I'd left the logging activities behind me so there we no longer the large expanses of greying tree stumps and shattered wood littering the heathland and I could no longer hear the sounds of machinery as it ripped the trees out and stripped the trunks of branches. The logging lorries had also stopped using this road, taking their hauls south instead to the larger roads more suitable for them.

Mountains rose up around me and I rode alongside the shores of tranquil lochs. It was silent apart from my breathing, the chain shifting across when I changed gears, or the occasional screech of a bird of prey. Ben Loyal rose in majestic glory ahead of me, then beside me. Loch Loyal was alongside the road for more than five miles. Occasionally a whitewashed house would appear in the distance but in the main this was a landscape with no sign of humans. For several hours I rode in total bliss, not quite believing how lucky I was to be able to cycle in such glorious countryside.

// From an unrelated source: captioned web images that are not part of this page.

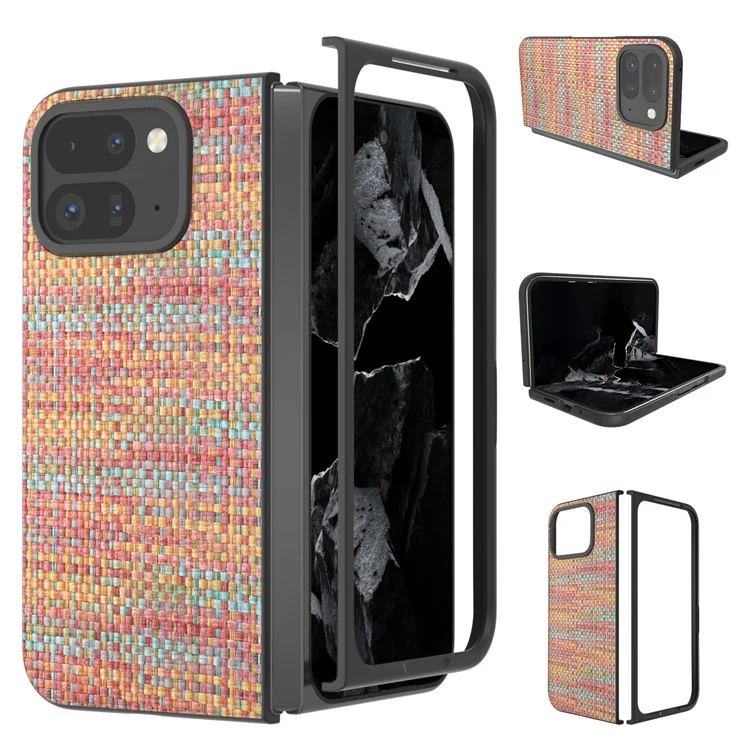 For Google Pixel 9 Pro Fold 5G Case Leather+PC Phone Cover Plaid Texture - Orange Red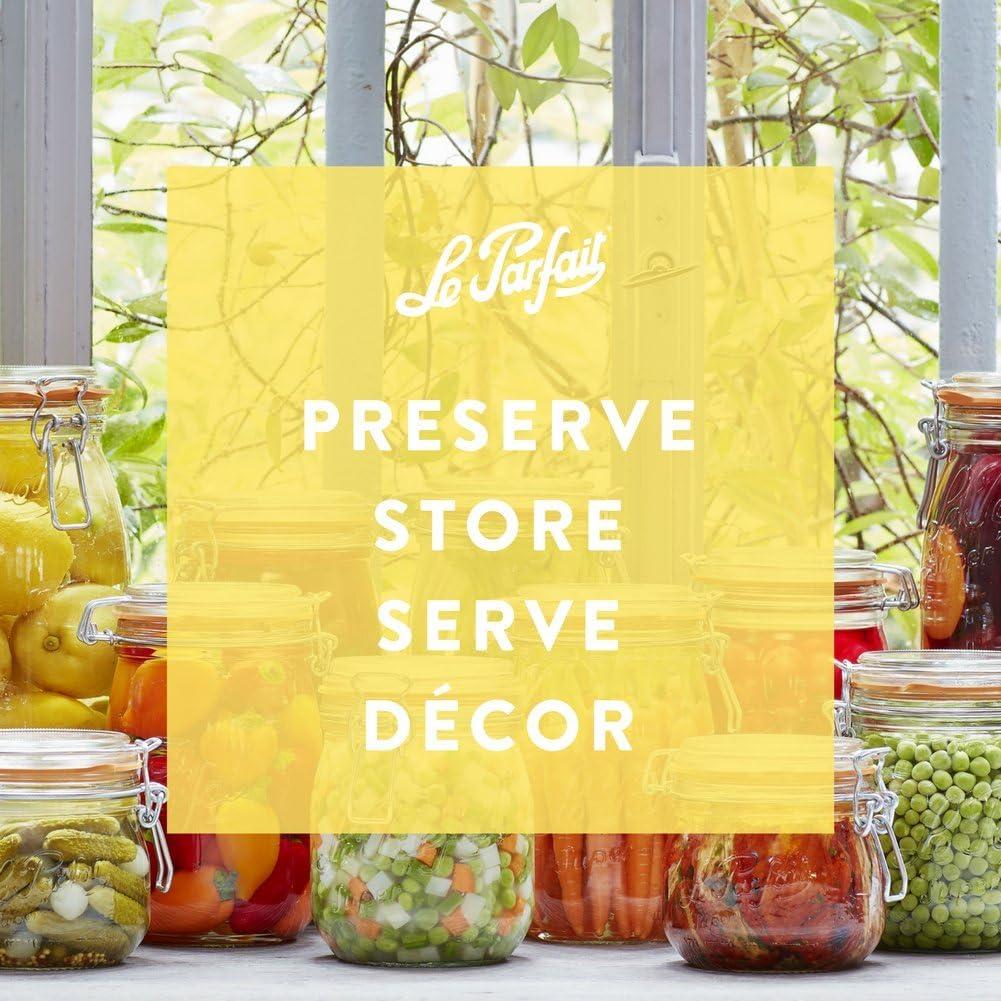 image:imageLe Parfait Super Jar 15L French Glass Canning Jars wRound Body Wide Mouth Airtight Lid Clear Glass 48ozQuart amp Half 3pk24oz Single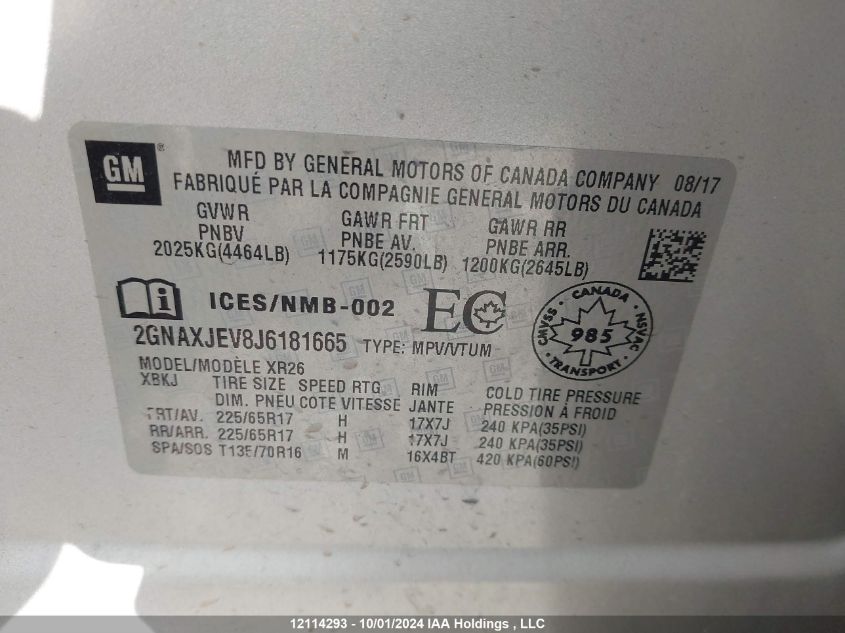 2018 Chevrolet Equinox VIN: 2GNAXJEV8J6181665 Lot: 12114293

As I was passing Loch Loyal lodge I heard the sound of a fighter jet plane. The night before, Vaughan had chatted to the Crask Inn owner about a photo of a Typhoon fighter jet that was in the gent's toilet of the bar. The RAF use the Highlands to practice their low flying, annoying fisherman and walkers, and one the pilots had stayed in the Inn whilst having a walking break and donated the photo. I hadn't seen or heard a jet plane since I'd left the North West of England though, so was interested to hear one now.

The sound got louder very quickly and I looked up to see a sleek black plane flying down along the Loch, extremely close to the water, and headed straight for me. As it passed the sound was incredible and I hunched my shoulders in an effort to block my ears as I couldn't put my hands over them. I screamed, more with delight than anything else. I know, having chatted to Vaughan and Liz, that the pilot was almost certainly having some fun 'buzzing' me but at the time it felt like he was flying in to say hello and acknowledge that I'd nearly completed my journey across the UK. Once the plane had disappeared and silence had returned I started crying. The shock had stirred my emotions and brought to the surface how happy I was, pleased to be alive and able to take a month to just cycle alone, and grateful for all the support I was getting from friends and family. Tears streamed down my face as I continued to pedal along and look around me.

Just before I got to Tongue and the coast, I saw a large bird of prey sitting on a fence post ahead of me. There are eagles in this part of Scotland and I was keen to establish whether this was indeed one of them, or just another raptor like the many I'd seen. It kept flying ahead of me then settling on another post just too far away for me to get a good look at its beak or feathers. It looked larger than anything else I'd seen, but I'll never know what it was as I didn't stop to look at it through binoculars and identify it from a book of birds; I wasn't carrying either with me, and needed to keep cycling anyway. Just as the 'eagle' flew off for the final time I heard a large rustling in the grass to the left of the road. I was used to hearing small rustles as birds or small mammals were startled by my passing, and I'd seen field mice, stoats, rabbits, and pheasants running along and across the road in front of me many times. This was a bigger sound though so I turned to look and just caught the sight of two deer leaping away from the road towards the cover of trees. Again, I can't tell you what kind of deer they were, but I was pleased to have seen some as I'd been passing road signs warning of deer on the road for about 40 miles. It was one of the less unusual road signs of the trip. I'd been warned about red squirrels in the Lake District (and seen two at close quarters), and frogs somewhere else. I'd almost grown oblivious to the signs about cattle and sheep.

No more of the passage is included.